Une telle position est extrêmement dangereuse, car elle change la nature du problème qu’elle simplifie à outrance. En fait le problème Négro-Africain est un problème d’exclusion globale; exclusion sur le plan politique, économique, culturel et social. Ils réclament l’Enseignement des Langues Nationales garant de leur identité, en toute légitimité, sans exclure ni l’Arabe ni le Français. Tel est l’enjeu et la véritable dimension du problème! Quelle solution pour notre système Educatif ?
Nous devons avouer qu’il est plus difficile, à l’heure actuelle, d’imaginer un système qui satisfasse tout le monde, compte tenu de la profonde déchirure sociale actuelle; Raison de plus pour considérer que la réforme de notre système éducatif est une chose trop sérieuse et trop sensible pour être confiée, en cachette, à une bande d’individus, à l’honorabilité douteuse.
Elles devrait, au contraire, faire l’objet d’une large concertation nationale. Il faudrait aussi ajouter que cette nouvelle réforme, remake de la réforme de 1973, ne correspond plus à l’état des rapports communautaires de 1984, mis sous le boisseau. En retombant dans les travers des réformes précédentes, elle omet de prendre en compte l’essentiel, c’est-à-dire les identités respectives.
Voilà pourquoi elle ne peut convenir ni aux uns ni aux autres. Mettre en place, aujourd’hui un système Éducatif dans le cadre d’un État-nation (alors que la nation mauritanienne n’est qu’une utopie), malgré les résistances, suppose pour être accepté dans un souci de compromis, qu’un certain nombre de règles essentielles minimales soient respectées :
– Faire en sorte que chaque communauté ne se sente plus, ni aliénée, ni handicapée, l’une, l’autre;
– Faire en sorte que le système Educatif soit en harmonie avec l’Identité et les aspirations des uns et des autres. D’où, faire reposer donc l’Enseignement d’abord sur les langues nationales. Cet Enseignement resterait toutefois ouvert aux autres langues étrangères; langues nationales et Français à la place réservée devraient cohabiter dans une relative harmonie.

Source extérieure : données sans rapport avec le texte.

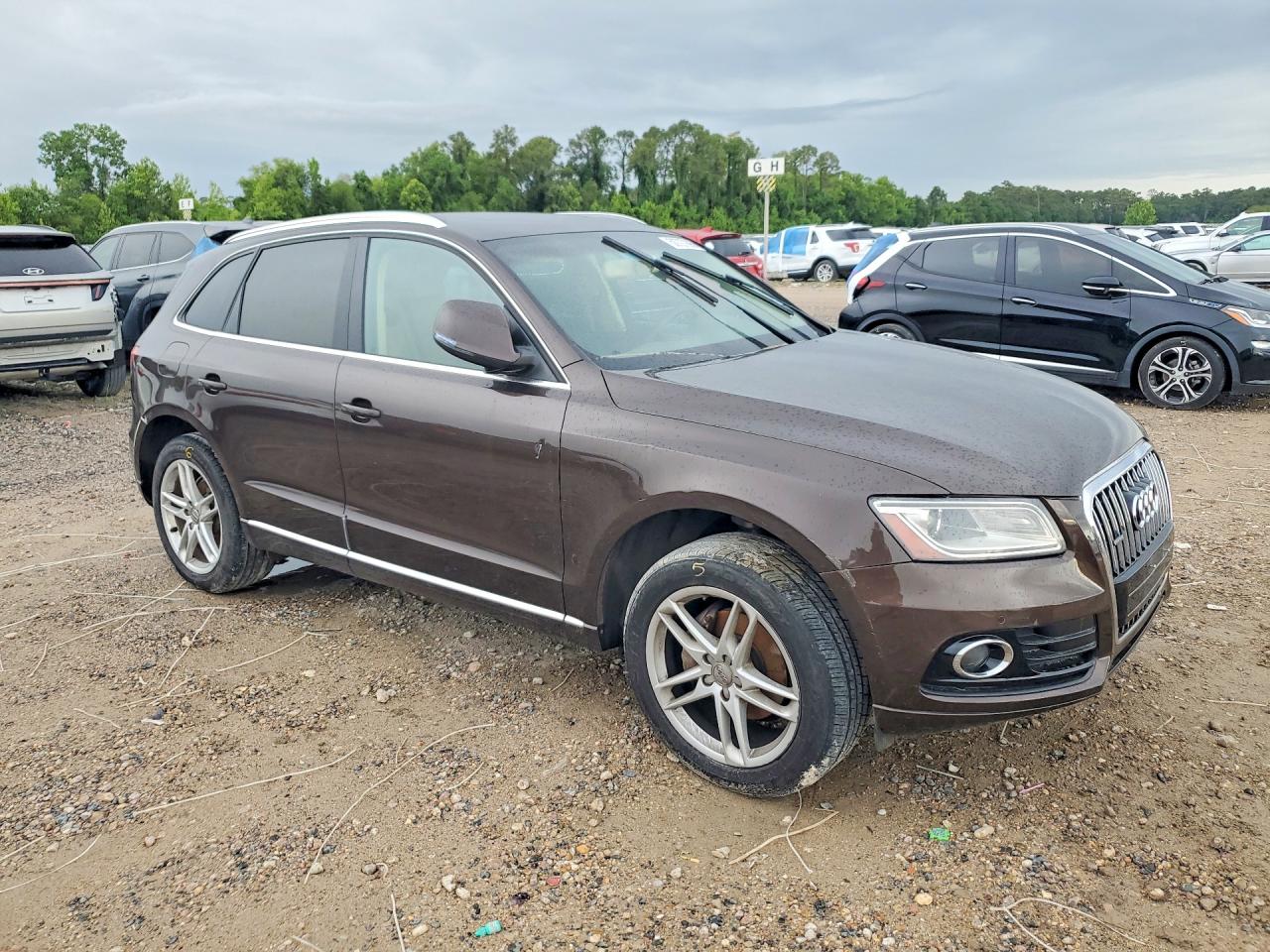 2014 AUDI Q5 Premium Plus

On prendrait également la précaution, pour éviter les avatars du passé, d’introduire dans l’Enseignement, mais à dose homéopatique, les langues Négro-Africaines chez les Beydanes et réciproquement l’arabe chez les Négro-Africains; filière où chaque langue aurait un statut de langue de communication, tout court; nous ne devons plus perdre de vue que l’unité et l’égalité entre Mauritaniens, suppose que chaque mauritanien accorde à son voisin autant de respect et de considération qu’à soi-même.
En fait, la vraie solution résiderait, non dans l’imposition, mais dans la liberté donnée à chaque communauté de mettre, librement, en place un système qui respecterait ses aspirations; et cela n’est possible que dans le cadre de l’Autonomie.
Cette réforme que nous venons d’examiner – une de plus – le régime l’offre dans une double perspective; tenter d’abuser l’opinion internationale sur sa volonté de changement d’une part, distraire les Négro-Africains sur l’essentiel d’autre part; et cet essentiel réside dans ce système qui les opprime sur le plan politique, économique, culturel et social. Les Négro-Aricains devront donc rester vigilants.
Fait à Dakar le 01 Juillet 1999
Les Forces de Libération Africaines de Mauritanie.